Lawyer Brian O’Connor, who represents UK Nortel pension plan members, described Nortel as a company that has been torn to apart as various debtors “fight like jackals over the carcass.”

“The bickering and squabbling has to come to an end,” he told the judges.

At its height from 1999 to 2000, Nortel was worth nearly $300 billion, employed more than 90,000 people globally and was regarded as one Canada’s most valuable tech companies.

In 2009, the company filed for bankruptcy in North America and Europe, shedding thousands of jobs. The company was felled by changing market conditions, economic upheaval and an accounting scandal that devastated its stock price.

Already, the costs of Nortel’s demise have climbed above US$1 billion over the past five years, with legal expenses eating away at money that could be divided among the various parties.

On Monday, Nortel’s former employees were easily outnumbered by lawyers — about 50 legal staff were in the Toronto court and another group was in Delaware — fighting over the remains of a company once hailed as Canada’s technology darling.

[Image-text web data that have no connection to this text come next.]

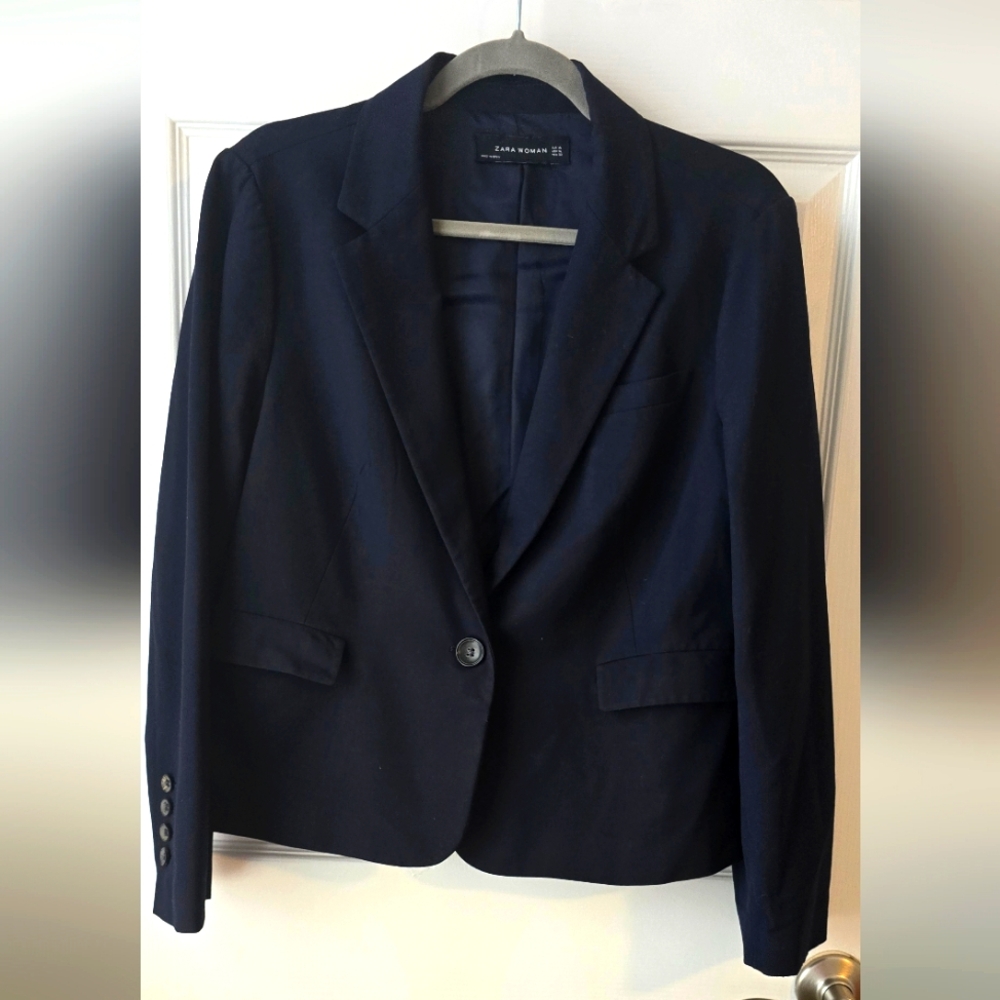 ZARA Woman Blue Blazer Size XL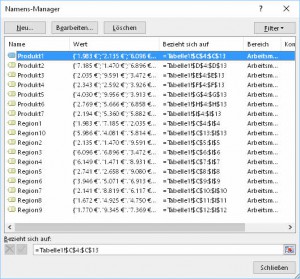 Zum Vergrößern bitte auf das Bild klicken Der Nachteil: Viele definierte Namen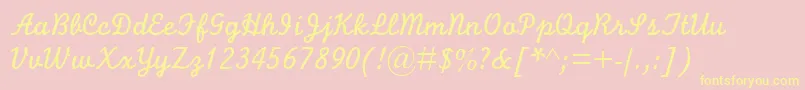 MonolineScriptMt Font – Yellow Fonts on Pink Background
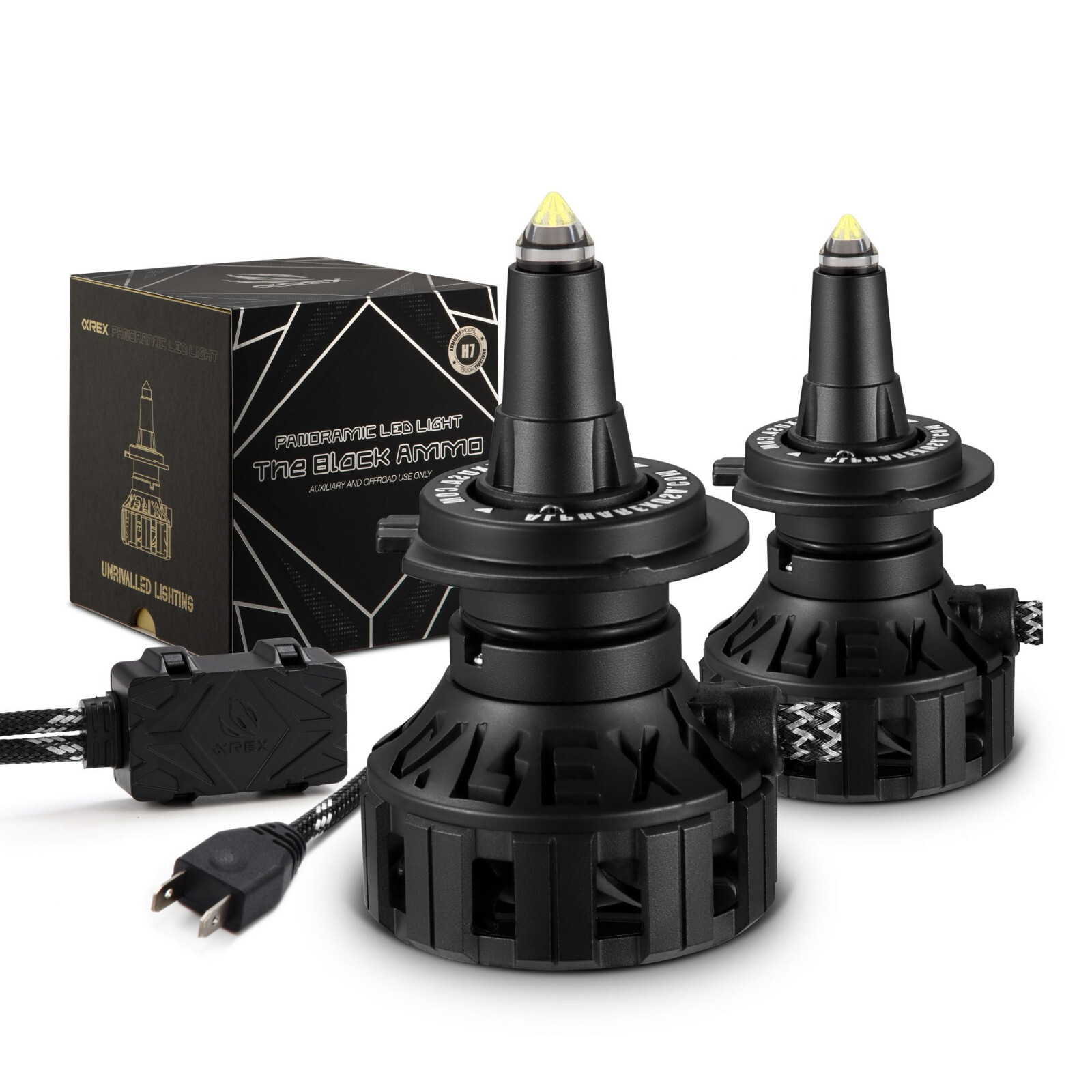 AlphaRex Black Ammo Panoramic LED Light Bulbs H7 White 6000K 10000LM 1 Pair Set
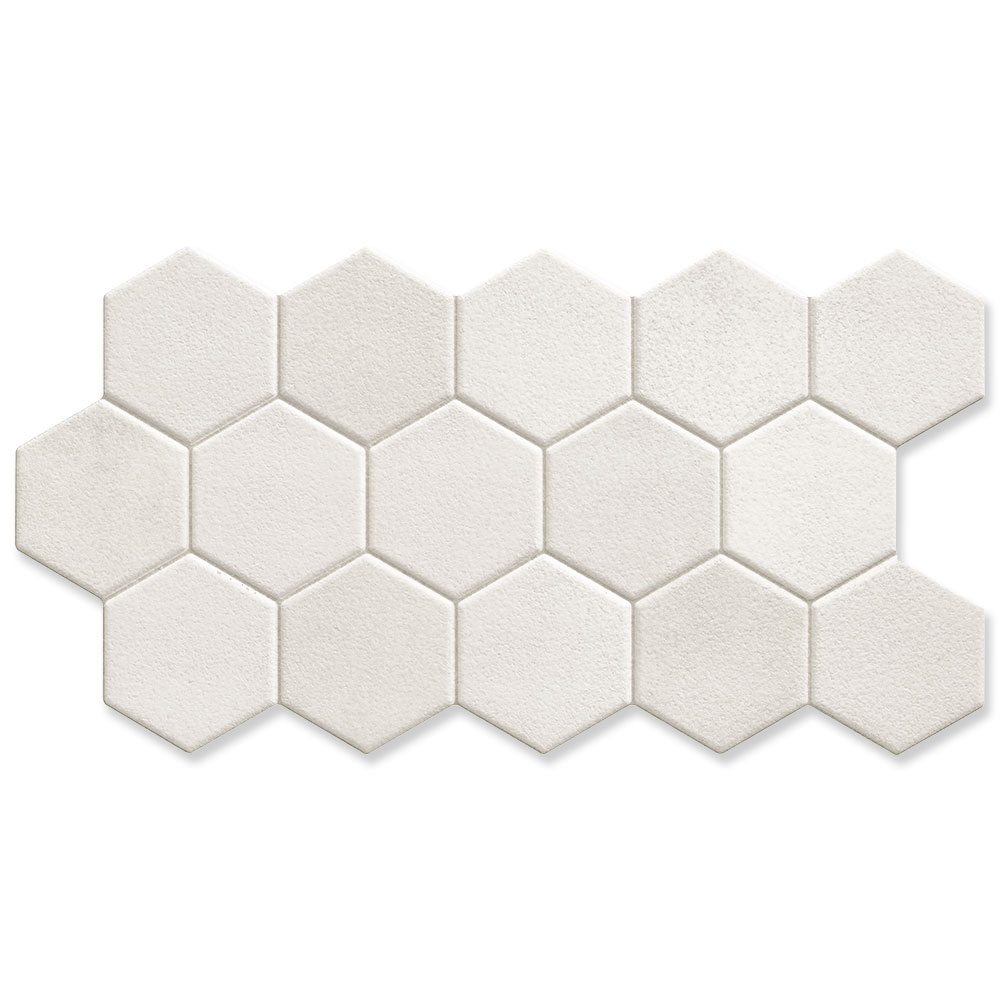 Klinker Hex White Vit Matt 27x51 cm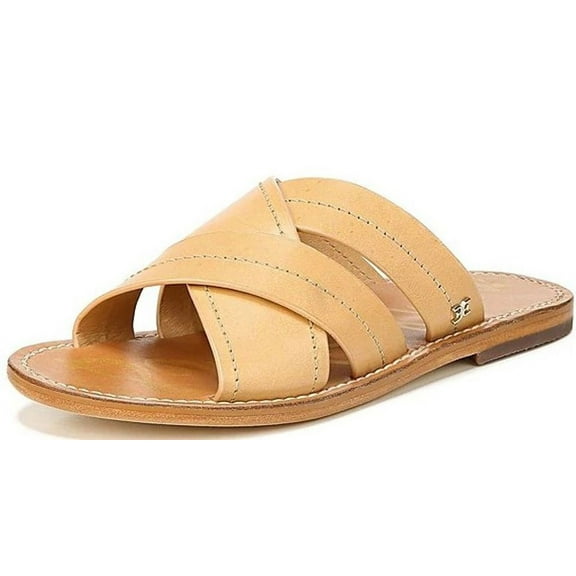 Sam Edelman Maxine Nude Leather Open Toe Slip On Slide Flat Leather Slides (NATURAL SAND, 5)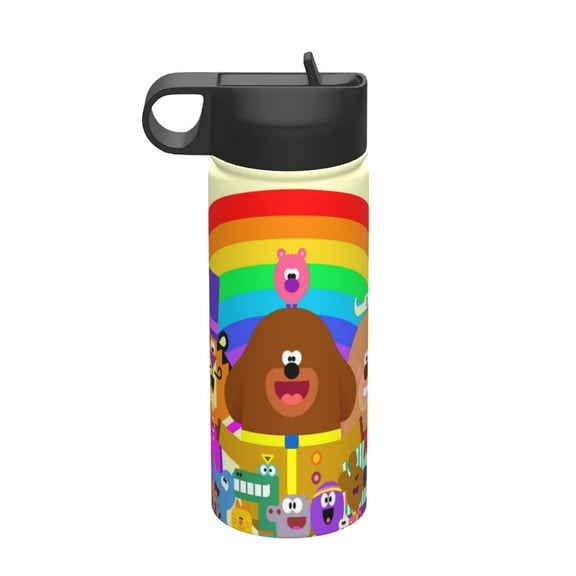 Hey Duggee Kids Insulated Water Bottle With Straw - 18 Oz Stainless Steel Double Wall Vacuum Cup, Leakproof, Bpa Free, Suitable For Boys And Girls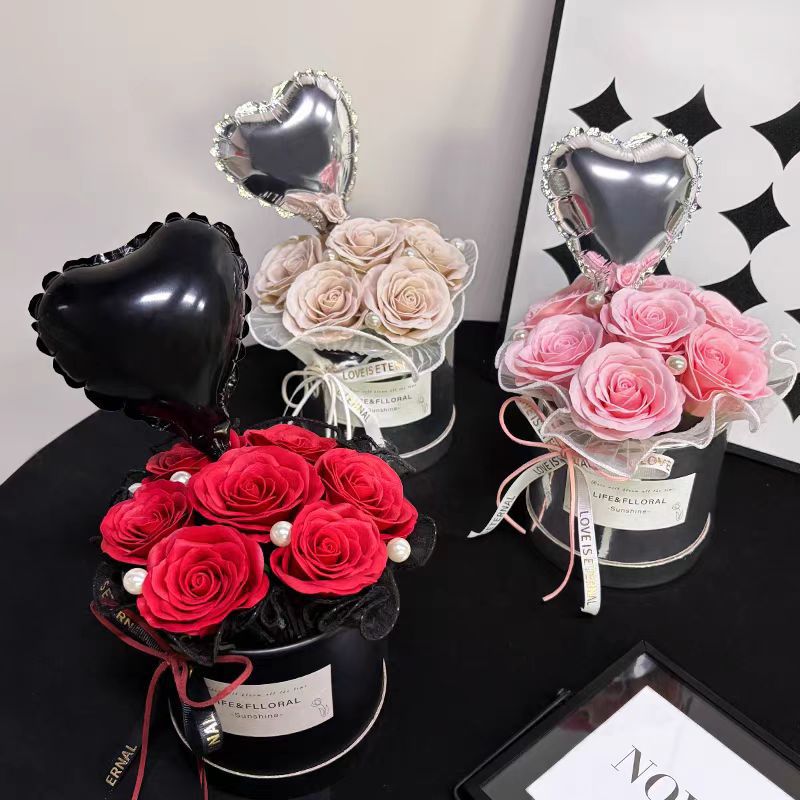 Flower Hug Bucket Flower Arrangement Bucket Confession Balloon Flower Packaging Materials DIY Eternal Flower Artificial Hug Bucket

The tug of war began with a focus on the impact overseas, with lawyers representing Nortel’s European operations, who told the judges that their division deserves a piece of the money generated from $4.5 billion in patent sales, even though the assets were legally owned by the parent company.

Later, Sheila Block, a lawyer for Nortel’s U.S. operations, told the judge the division was “not some weak sibling or child” but a key part of Nortel’s business that was part of the “financial backbone” of the company.

Ontario pensioners gathered outside the court during the lunch break to rally for their share of the remaining Nortel money, wearing t-shirts that read: “Bondholders profit! Nortel Pensioners suffer!”

“Other people are trying to profit by this. All we want is what we were promised,” said William Galloway, a 30-year Nortel employee who worked in various jobs for Nortel, including as a database administrator for the carrier division.

Galloway was laid off when Nortel folded in 2009, and said his life and future he planned was changed dramatically, sidelining his dreams of vacationing in Florida during retirement and raising the possibility he may have to put his home up for sale.

“When I was locked out I was not given severance. One day, that’s it, you’re done,” the 63-year-old man said outside the courthouse.

“Everybody knows that when they go on pension ultimately you’re going to have to live a somewhat reduced lifestyle. This is way more reduced than we had planned.”

Former employee Michael Moorcroft said he was at the court to support his fellow pensioners and represent some who were unable to attend because they had either moved away for new jobs or were ashamed of their financial state.

“People have a great deal of pride,” the 69-year-old Mississauga, Ont. resident said.

“They don’t like to talk about the fact they’ve had to do these things to survive.”

The Nortel trial is considered one of the biggest bankruptcy cases in Canadian history and could serve as a reference point for future bankruptcy cases that concern international companies.

Filings with the courts say about 16,000 documents will be presented as exhibits over the coming weeks — whittled down from an initial three million — and 110 witness depositions have been taken leading up to the trial.

The main trial is scheduled to continue until the end of June.